[Opening DATASET RECORDS section]

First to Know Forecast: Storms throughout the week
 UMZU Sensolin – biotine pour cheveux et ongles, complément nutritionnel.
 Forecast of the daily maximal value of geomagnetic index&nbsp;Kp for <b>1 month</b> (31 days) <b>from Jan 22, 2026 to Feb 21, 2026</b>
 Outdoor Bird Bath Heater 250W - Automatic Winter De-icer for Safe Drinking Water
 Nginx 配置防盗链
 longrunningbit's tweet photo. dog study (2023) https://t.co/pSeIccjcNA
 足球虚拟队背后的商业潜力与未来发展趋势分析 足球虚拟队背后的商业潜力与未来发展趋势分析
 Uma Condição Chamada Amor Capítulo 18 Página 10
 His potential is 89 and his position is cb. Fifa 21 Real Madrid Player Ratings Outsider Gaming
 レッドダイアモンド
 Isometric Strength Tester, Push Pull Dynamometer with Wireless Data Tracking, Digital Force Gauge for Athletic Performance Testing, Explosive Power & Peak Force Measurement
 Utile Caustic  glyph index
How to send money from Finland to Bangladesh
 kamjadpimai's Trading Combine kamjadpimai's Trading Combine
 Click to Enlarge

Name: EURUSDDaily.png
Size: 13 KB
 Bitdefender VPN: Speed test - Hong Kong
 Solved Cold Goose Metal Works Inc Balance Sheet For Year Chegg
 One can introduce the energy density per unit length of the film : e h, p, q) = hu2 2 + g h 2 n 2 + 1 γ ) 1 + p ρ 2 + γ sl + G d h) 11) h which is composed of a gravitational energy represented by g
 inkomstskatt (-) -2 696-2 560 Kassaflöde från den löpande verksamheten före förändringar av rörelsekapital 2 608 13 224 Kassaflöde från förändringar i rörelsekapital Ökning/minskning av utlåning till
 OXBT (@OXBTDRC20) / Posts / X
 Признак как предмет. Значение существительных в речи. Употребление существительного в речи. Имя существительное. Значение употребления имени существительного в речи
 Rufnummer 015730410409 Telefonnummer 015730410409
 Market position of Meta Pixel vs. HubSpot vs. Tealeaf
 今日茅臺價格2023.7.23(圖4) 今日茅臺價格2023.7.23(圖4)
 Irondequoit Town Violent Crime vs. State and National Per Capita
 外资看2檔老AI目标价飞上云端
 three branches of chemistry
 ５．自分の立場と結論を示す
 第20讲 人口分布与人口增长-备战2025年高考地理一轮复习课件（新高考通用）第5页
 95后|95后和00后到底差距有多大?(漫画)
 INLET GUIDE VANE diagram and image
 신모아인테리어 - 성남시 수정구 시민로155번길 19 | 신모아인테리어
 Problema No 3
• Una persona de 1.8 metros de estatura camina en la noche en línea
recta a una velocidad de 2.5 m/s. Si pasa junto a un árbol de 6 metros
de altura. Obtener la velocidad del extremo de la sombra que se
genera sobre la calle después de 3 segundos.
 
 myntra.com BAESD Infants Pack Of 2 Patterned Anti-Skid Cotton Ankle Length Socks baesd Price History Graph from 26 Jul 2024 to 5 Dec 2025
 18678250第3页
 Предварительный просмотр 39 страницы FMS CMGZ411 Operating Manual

[Closing DATASET RECORDS section]

Above are the entries. Quote exactly the lines from the one bearing "Name: EURUSDDaily.png" through the one bearing "One can introduce".

- _WRITTEN ANSWER_:
Name: EURUSDDaily.png
Size: 13 KB
 Bitdefender VPN: Speed test - Hong Kong
 Solved Cold Goose Metal Works Inc Balance Sheet For Year Chegg
 One can introduce the energy density per unit length of the film : e h, p, q) = hu2 2 + g h 2 n 2 + 1 γ ) 1 + p ρ 2 + γ sl + G d h) 11) h which is composed of a gravitational energy represented by g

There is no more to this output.